O que poderia ser um problema, nas mãos de um bom escritor
como Leonardo Brasiliense se percebe que é uma estratégia e não deixa de ser um
resgate de um tipo de narrativa que pouco se faz hoje em dia, um relato de uma
família do interior com todos os códigos patriarcais bem delineados e as
funções de cada membro estabelecidas e que são devidamente trocadas quando um
membro falta. Não por acaso cada um dos gêmeos perde uma parte do corpo (um a
orelha e outro o pé) e uma irmã vai morar longe depois de casar, simbolizando
todas as perdas existenciais.
O narrador de boa parte da trama é um dos filhos do meio,
Antônio, contando a história de sua família a partir da morte da mãe no parto
do sétimo filho, que quebrou todo o equilíbrio do lar.
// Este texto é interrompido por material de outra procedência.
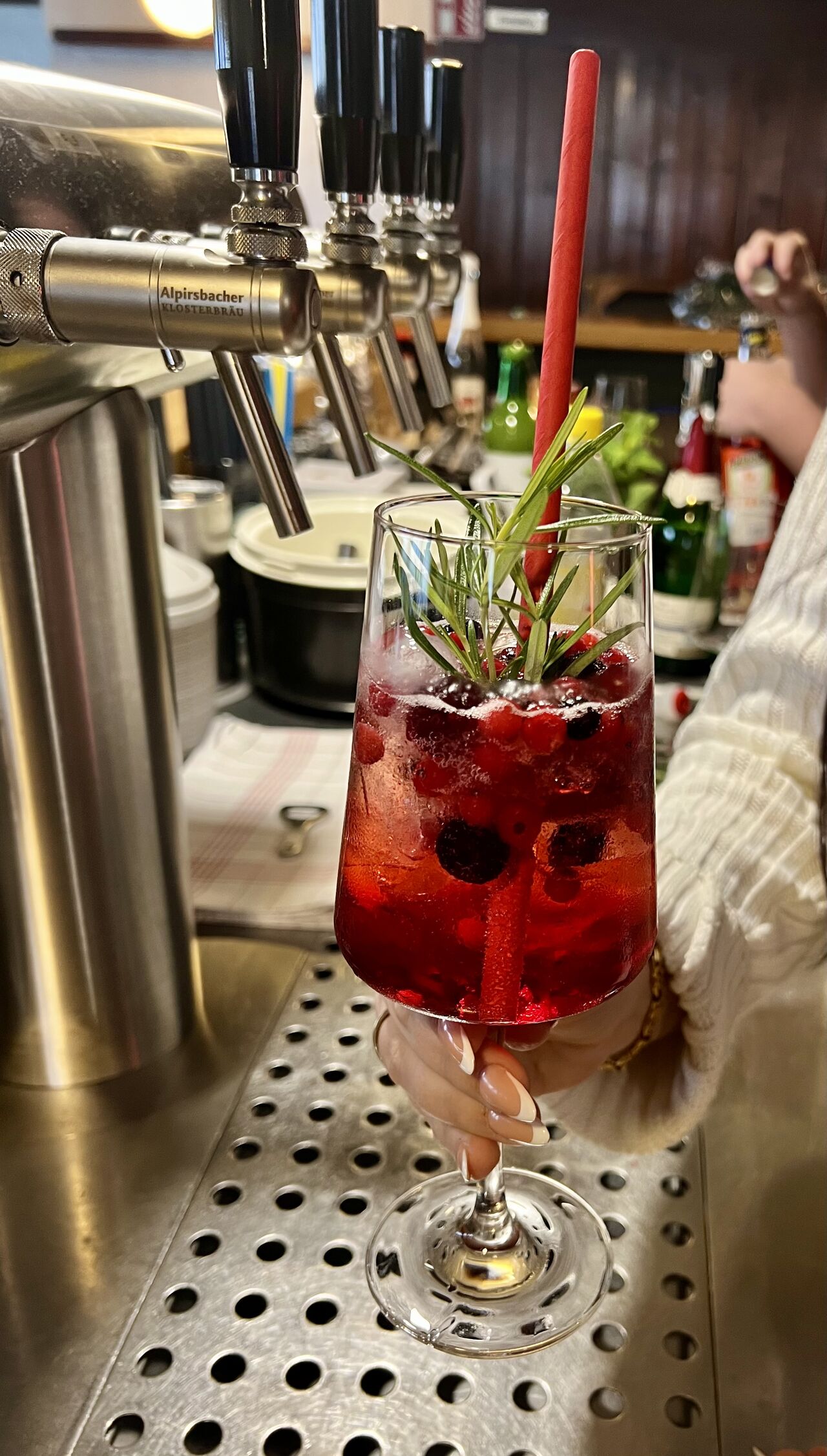 Sommerlicher Sektmoment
Sua ausência é sentida
por todos daquela família de descendentes de italianos do interior, que vivem
em meados dos anos 70, colonos que tiram da terra o seu sustento e que por isso
são em grande número: “Aquilo na roça, e na época, era necessário. Um empregado
custava caro, um meeiro exigia dividir a colheita. Filhos, portanto, eram
riqueza, e todos tinham função.” Aliás, na primeira frase o narrador nos
informa que seu pai teve oito filhos. Na casa, temos, além de Antônio, Geni, a
mais velha, Maria Francesca, que se casa e vai embora, os gêmeos Estevam e
Ferrucio, Valentina, a irmã mais próxima do narrador, e o caçula Pedro. São
sete. O oitavo, ou a oitava, deduziremos no decorrer da trama.
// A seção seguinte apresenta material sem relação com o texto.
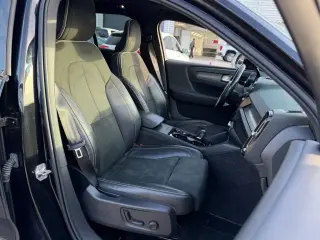 Volvo XC40 2021 AWD T5 R-Design 4p SUV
Os conflitos que vão se sucedendo, dentro da própria família
e com outra família vizinha, são narrados com precisão, mas deixando lacunas
que aos poucos vão sendo preenchidas, muitas vezes por um narrador em terceira
pessoa, que aparece em notas de rodapé. A tensão aumenta, sempre esperamos que
algo grave está para se suceder: o que acontecerá entre gêmeos por causa do
amor de Ana, a filha do casal vizinho? Haverá mais uma perda na família por
causa disso? Maria Francesca viverá feliz com o marido? Geni aguentará até
quando sua vida de solteira? E a briga entre os vizinhos por questões de terra,
até onde vai? Brasiliense consegue nos enredar até o final dessa primeira parte
e nos dá um desenlace convincente. O problema é que ele resolve estender o
enredo e aí o romance perde seu impacto.
Na segunda parte, a
narradora é Valentina, no que parece ser uma série de cartas, ou talvez e-mails,
para o irmão anos depois dos acontecimentos. O que poderia ser apenas um
fechamento da história, revelando o que acontece com cada um dos personagens no
futuro, traz, no entanto, alguns dramas da família que ela recém-formou, numa
revelação de que tudo não passa do eterno retorno do mesmo, mudam-se as pessoas
mas os problemas se sucedem, porém são fatos contados de forma apressada, sem a
tensão da primeira parte e com novos personagens que não são desenvolvidos.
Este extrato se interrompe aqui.